Want more? The Queen is rated PG-13 for brief strong language. So for you moral police scoring at home, a few naughty words = strawberries = death + sex. They are all the same. Don't look behind the curtain. Move along, nothing to see here.

2) The MPAA describes things very oddly.
Rocky is rated PG for "boxing violence" and "some language." Boxing violence? Really? If I go to a movie about boxing there will be ... boxing? As a parent, if you don't know Rocky will have boxing violence your children should be whisked away from you in the dead of night. If the MPAA had just thrown a "violent" tag on there I wouldn't have had a lot of room to complain, but nope, let's all salute obviousness on the violence front. Also, note you can use "some language" but if it gets "strong" you are nailed with the PG-13. What is the difference, the actual scientific difference? Undefined. Unexplainable. Who knows?

Invincible gets a PG for "Sports Action" and "Mild Language." Sigh. Mild equals some but is less than strong. Got it. Sports action, crazy!

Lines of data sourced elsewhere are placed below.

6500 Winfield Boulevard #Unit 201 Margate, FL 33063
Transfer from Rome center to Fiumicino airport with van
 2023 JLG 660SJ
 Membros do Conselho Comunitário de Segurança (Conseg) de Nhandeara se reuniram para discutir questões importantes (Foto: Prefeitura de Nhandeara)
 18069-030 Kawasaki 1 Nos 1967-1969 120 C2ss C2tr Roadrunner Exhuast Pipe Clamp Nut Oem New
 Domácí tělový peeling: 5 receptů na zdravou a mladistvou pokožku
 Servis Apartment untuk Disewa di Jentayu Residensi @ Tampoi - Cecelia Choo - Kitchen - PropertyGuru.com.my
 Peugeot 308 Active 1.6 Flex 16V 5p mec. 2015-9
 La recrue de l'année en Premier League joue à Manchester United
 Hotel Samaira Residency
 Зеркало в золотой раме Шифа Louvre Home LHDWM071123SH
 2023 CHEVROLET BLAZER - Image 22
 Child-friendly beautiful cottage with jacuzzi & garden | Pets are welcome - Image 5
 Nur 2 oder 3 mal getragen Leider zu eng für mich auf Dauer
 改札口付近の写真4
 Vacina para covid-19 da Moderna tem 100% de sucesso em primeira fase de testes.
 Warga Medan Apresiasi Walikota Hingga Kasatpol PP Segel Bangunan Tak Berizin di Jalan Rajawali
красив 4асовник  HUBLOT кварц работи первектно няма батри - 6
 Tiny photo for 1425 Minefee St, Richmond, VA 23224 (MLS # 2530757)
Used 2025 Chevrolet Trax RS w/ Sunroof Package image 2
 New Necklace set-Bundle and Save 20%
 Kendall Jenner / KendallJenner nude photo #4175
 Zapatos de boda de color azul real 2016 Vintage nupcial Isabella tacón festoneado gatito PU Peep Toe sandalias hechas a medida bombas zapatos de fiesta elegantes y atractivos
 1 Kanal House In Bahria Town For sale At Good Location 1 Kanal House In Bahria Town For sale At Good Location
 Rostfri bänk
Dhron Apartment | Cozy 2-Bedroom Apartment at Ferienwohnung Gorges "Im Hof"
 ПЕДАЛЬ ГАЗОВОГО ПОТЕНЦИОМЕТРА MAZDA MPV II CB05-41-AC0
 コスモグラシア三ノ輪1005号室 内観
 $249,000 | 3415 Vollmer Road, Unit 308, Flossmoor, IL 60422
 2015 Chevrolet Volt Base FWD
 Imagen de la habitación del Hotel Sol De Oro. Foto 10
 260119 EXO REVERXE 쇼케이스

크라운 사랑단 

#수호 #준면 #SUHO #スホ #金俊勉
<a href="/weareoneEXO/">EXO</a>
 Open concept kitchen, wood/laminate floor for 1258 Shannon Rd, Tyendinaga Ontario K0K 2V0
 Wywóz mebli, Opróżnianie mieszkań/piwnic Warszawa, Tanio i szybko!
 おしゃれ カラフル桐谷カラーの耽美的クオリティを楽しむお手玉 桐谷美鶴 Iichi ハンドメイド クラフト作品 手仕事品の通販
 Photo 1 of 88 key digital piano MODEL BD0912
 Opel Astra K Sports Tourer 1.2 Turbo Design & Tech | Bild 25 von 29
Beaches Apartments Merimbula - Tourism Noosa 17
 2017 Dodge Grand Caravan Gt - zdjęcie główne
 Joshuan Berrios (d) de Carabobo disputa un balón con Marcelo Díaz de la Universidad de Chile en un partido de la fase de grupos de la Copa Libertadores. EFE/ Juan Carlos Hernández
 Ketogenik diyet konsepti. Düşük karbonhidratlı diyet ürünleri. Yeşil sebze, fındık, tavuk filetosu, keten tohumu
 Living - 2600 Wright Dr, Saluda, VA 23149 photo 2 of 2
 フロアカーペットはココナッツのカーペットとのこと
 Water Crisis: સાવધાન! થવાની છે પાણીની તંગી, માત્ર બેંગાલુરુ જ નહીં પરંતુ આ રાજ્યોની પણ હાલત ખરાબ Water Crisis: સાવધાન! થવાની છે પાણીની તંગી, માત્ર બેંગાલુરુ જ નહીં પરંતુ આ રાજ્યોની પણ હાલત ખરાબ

A movie about football has sports action, which for the record, tells me precisely zero. I'd rather they tell me if the movie didn't have sports action. The Pursuit of Happyness gets a PG-13 with only one knock, "language." Now the equation reads: mild equals some, which is less than just plain old language or strong language. If a film gets the PG-13, shouldn't the language have to be "strong"? Is that too much to ask, one little standard on your brandishing of ratings? The real issue with Pursuit of Happyness is the homeless issue, but clearly the MPAA couldn't think of a great way to convey that. Would "homeless action" have worked, guys?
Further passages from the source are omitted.